Before her passing, Love faced intense backlash after claiming "systemic racism died with George Floyd" during a televised panel. Even Black conservatives criticized her remarks as "tone-deaf," highlighting the GOP's failure to recruit credible Black voices. Love's rhetoric, intended to legitimize neo-confederalist denialism, instead exposed the fragility of tokenism in an era of resurgent white nationalism.

Hiram Revels (1827-1901): First Black U.S. Senator, later abandoned by white Republican "allies"—a pattern repeated with Mia Love

6. Museum Counter-Insurgency

Trump's Smithsonian purge targeted African American history exhibits, continuing the tradition of burning Black achievement. This isn't fascism—it's as American as the 1893 World's Fair, where Black contributions were displayed in "primitive" dioramas.

The Smithsonian Institution abruptly canceled "Voices of the Unfree," an exhibit detailing Black labor revolts during Reconstruction, after pressure from congressional donors who threatened funding cuts. Curators revealed that sections on post-Civil War Black Codes and convict leasing were deemed "too divisive for the current climate." This censorship underscores how cultural institutions are weaponized to silence critiques of capitalism's racialized foundations—a tactic central to neo-confederalist efforts to rebrand settler-colonial exploitation as "economic patriotism."

Frederick Douglass protested Black exclusion from the 1893 World's Fair—today's museum censorship follows the same pattern

7. The Police Betrayal

When neo-Confederates marched in Lincoln Heights, police took no names—just as sheriffs turned away from lynch mobs. The community's response? Armed patrols echoing the Deacons for Defense's 1965 stand in Bogalusa.

Residents of Lincoln Heights, a majority-Black neighborhood in Cincinnati, launched these armed patrols to combat rising far-right intimidation after police ignored 23 reported incidents of harassment and vandalism targeting Black-owned businesses. The group, organized by local activists, faced criticism from centrists who warned of "escalation," but supporters framed the patrols as necessary self-defense against state abandonment. This mirrors historical precedents like the Deacons for Defense, highlighting how marginalized communities are forced to create parallel systems of protection under neo-Jim Crow governance.

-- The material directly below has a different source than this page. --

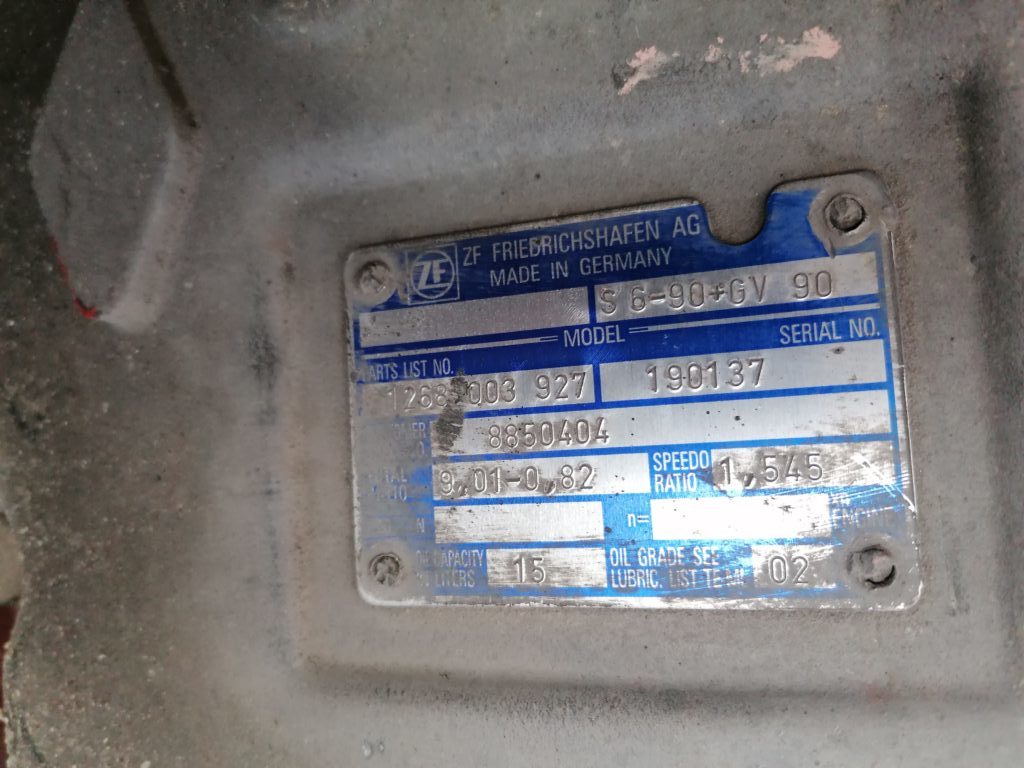 Cambio ZF ( S6-90+GV90 ) per Iveco 175.24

File:Deacons for Defense and Justice 1965.jpg
Deacons for Defense in Louisiana (1965)—direct ancestors of today's community self-defense initiatives

8. The Beauty Industrial Complex

The $2.8B Black hair industry knowingly poisoned its customers, proving capitalism always commodifies Blackness before destroying it. But stylists are fighting back with chemical-free co-ops, just as Fannie Lou Hamer organized health clinics.

Black stylists across Atlanta, Detroit, and Oakland have launched cooperative salons offering chemical-free alternatives to toxic commercial products. "Our grandmothers knew how to care for our hair before corporations sold us poison," explained Detroit stylist Aisha Freeman, whose co-op saw membership triple this month. These initiatives represent economic resistance against corporate exploitation, following the tradition of Black mutual aid societies that provided healthcare when the medical establishment refused treatment.

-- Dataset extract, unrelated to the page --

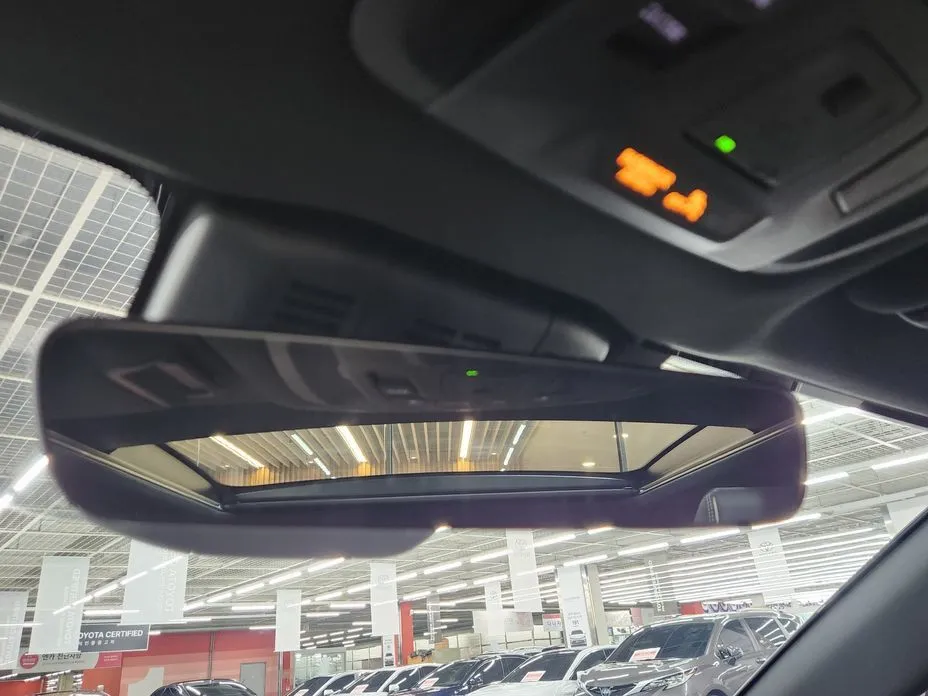 Toyota Crown 2025 из KR, фото 3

Fannie Lou Hamer established cooperative farms and healthcare clinics—a model for today's beauty co-ops

The Throughlines

  • Nothing is given (murals, museum plaques, congressional seats)
  • Everything is taken (safety, memory, bodily autonomy)
  • Resistance is ancestral (from sharecropper unions to Lincoln Heights patrols)

This week's events illustrate a dual crisis: neo-confederalist factions escalating economic and cultural warfare, while establishment responses—whether tokenistic (Love, Booker) or negligent (Smithsonian, Pentagon)—fail to address structural anti-Blackness. Resistance models like Lincoln Heights' patrols offer grassroots counterweights, yet without institutional support, they remain stopgaps against resurgent American apartheid.

"America is about as much our country as the lion's cage is the lion's."